Old Etonians who have found fame on U.S. television include Jeremy Brett ("The Adventures of Sherlock Holmes"), Christopher Cazenove ("Dynasty") and Charles Shaughnessy ("The Nanny"). But none of those actors achieved the kind of iconic, all-American status now enjoyed by fellow alumni Hugh Laurie, Dominic West and Damian Lewis.

Before he joined "House" as the show's irascible, drug-addicted title character, Laurie was mostly famous for being one-half of a British television comedy duo with Stephen Fry, and for playing a fictional O.E., the quintessentially nice but dim aristocrat Bertie Wooster in the PBS series "Jeeves & Wooster." Laurie's portrayal of Gregory House is so convincing that many viewers remain unaware that, unlike his character, he does not hail from southern New Jersey.

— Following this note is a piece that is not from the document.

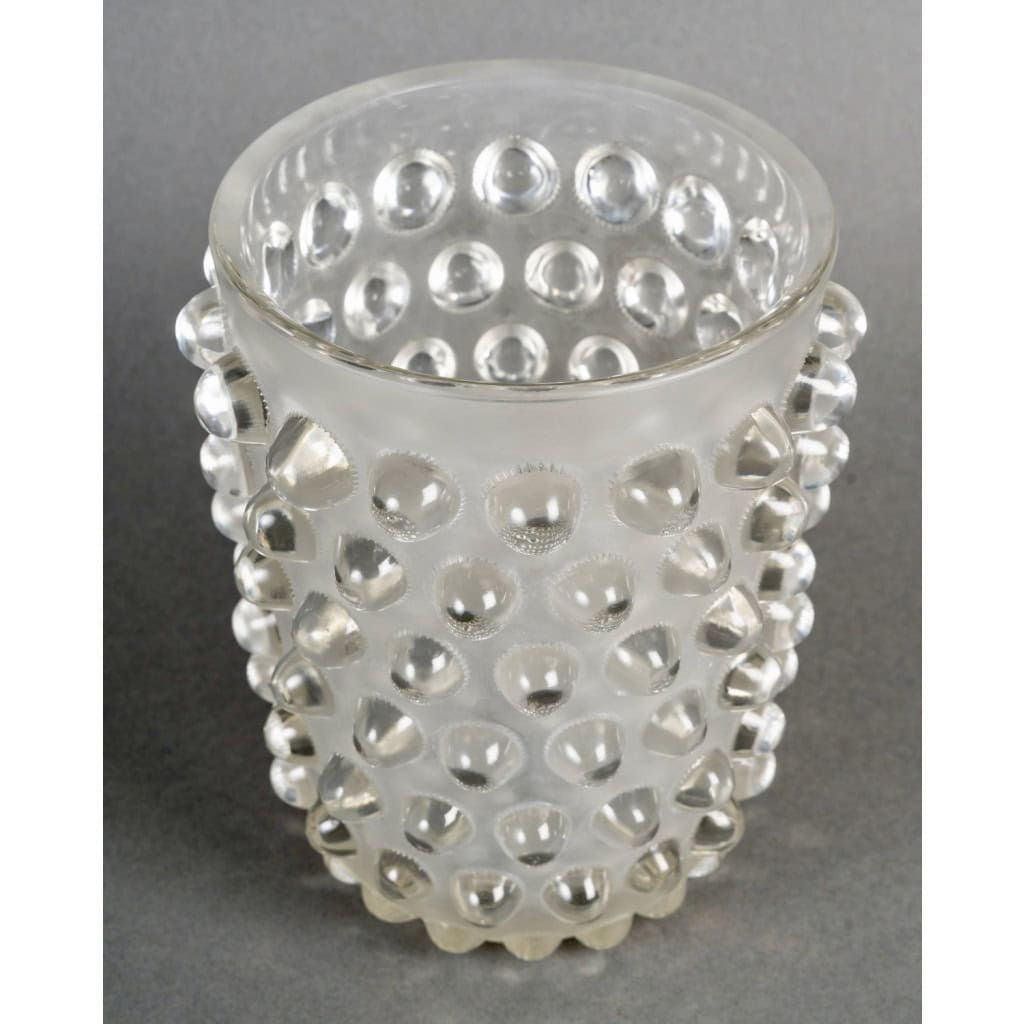 1933 René Lalique – Art Déco Vase Mossi Verre Blanc 4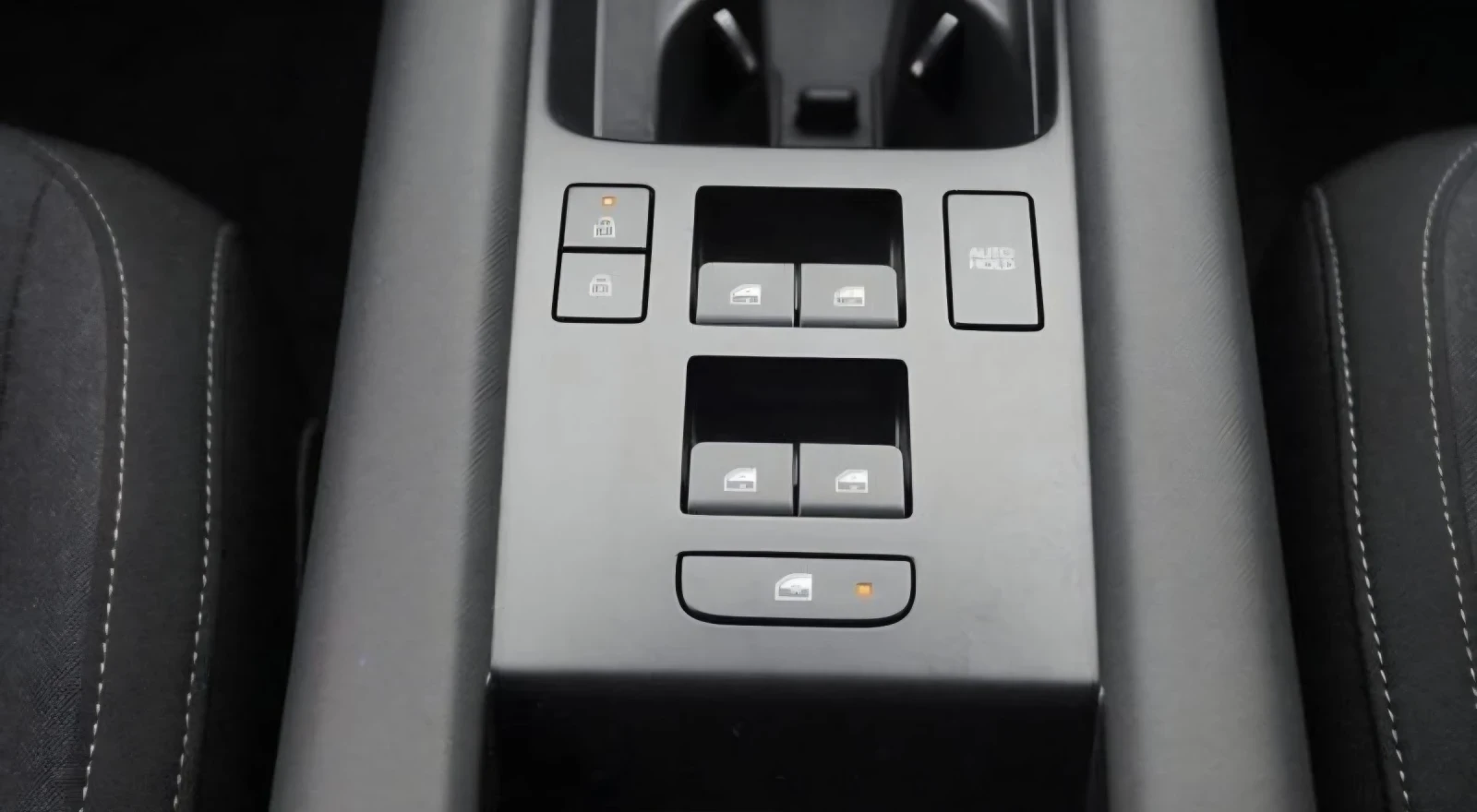 Hyundai Ioniq 6 Connect / SOH 100% ТЕРМОПОМПА  - изображение 8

Lewis currently stars in Showtime's C.I.A. terrorist drama "Homeland," in which he plays U.S. Marine Sgt. Nicholas Brody, after bursting onto the scene with his Golden Globe-nominated portrayal of Dick Winters, the central figure in HBO's "Band of Brothers." He also headlined NBC's "Life," in which he played another American in the form of LAPD police officer and ex-con Charlie Crews.

Meanwhile, his contemporary at Eton, Dominic West, tossed out the rulebook with his portrayal of the hard-boiled, hard-drinking Baltimore cop Jimmy McNulty in five seasons of "The Wire." He's since gone on to play a range of dramatic characters, including real-life serial killer Fred West (no relation), smooth 1950s news anchor Hector Madden ("The Hour"), and 17th century ruler Oliver Cromwell ("The Devil's Whore").

In a recent telephone interview with HuffPost TV, West said, "Eton did everything to help me become an actor." He acknowledged the thriving pool of talent, adding, "There do seem to be a hell of a lot of Etonian actors around, but all I can think of is that it's just a school that brings out your talent and nurtures it, and for that I was very grateful."

So what is Eton's secret? Are they producing great actors by accident or by design? Osborne, who's worked at the school for 13 years alongside Director of Theatre Studies Simon Dormandy, says the answer lies partly in the curriculum and partly in the first-class facilities.

The school stages more than 20 theatrical productions each year, from the classics to risky, ultra-modern plays, using the professionally equipped 400-seat Farrer Theatre as well as several smaller venues. The boys also benefit from an annual Director in Residence program.

The students are encouraged not only to act, but to think too. "When a boy has an idea," she said, "everybody around him takes it terribly seriously and we all do our best to to make sure he can do it."

The drama department also arranges master classes, the most recent of which saw Sir Ian McKellen giving "an absolutely stunning" class on the sonnets. Recent graduates like Eddie Redmayne have been conscientious about returning to give talks.

Osborne said that the success enjoyed by Redmayne, Hiddleston, Woods and others has had a "snowball effect" on today's pupils. They now see acting as a real prospect, and "when they see boys they knew in movies and working with Woody Allen, they think, 'I could do that too!'"

Unlike most teenage boys with dreams of stardom, Etonians know how to leverage their organizational skills -- and their connections -- to maximize chances of actually making it. "They plan their careers, and they do a lot of work here to make sure they've got agents," said Osborne. "Now it's a very pro operation."

So, who will be the next big acting talent to emerge from Eton's drama program? One figure to watch is 19-year-old Oxford University undergraduate Henry Faber, who's already carved out an impressive theatrical resume, including 14 productions from his time at Eton.

Attention, producers of quality TV dramas: This opportunity won't last. The time to start shopping for scripts featuring an intense, home-grown 21-year-old American is now. And the breeding ground is in Britain.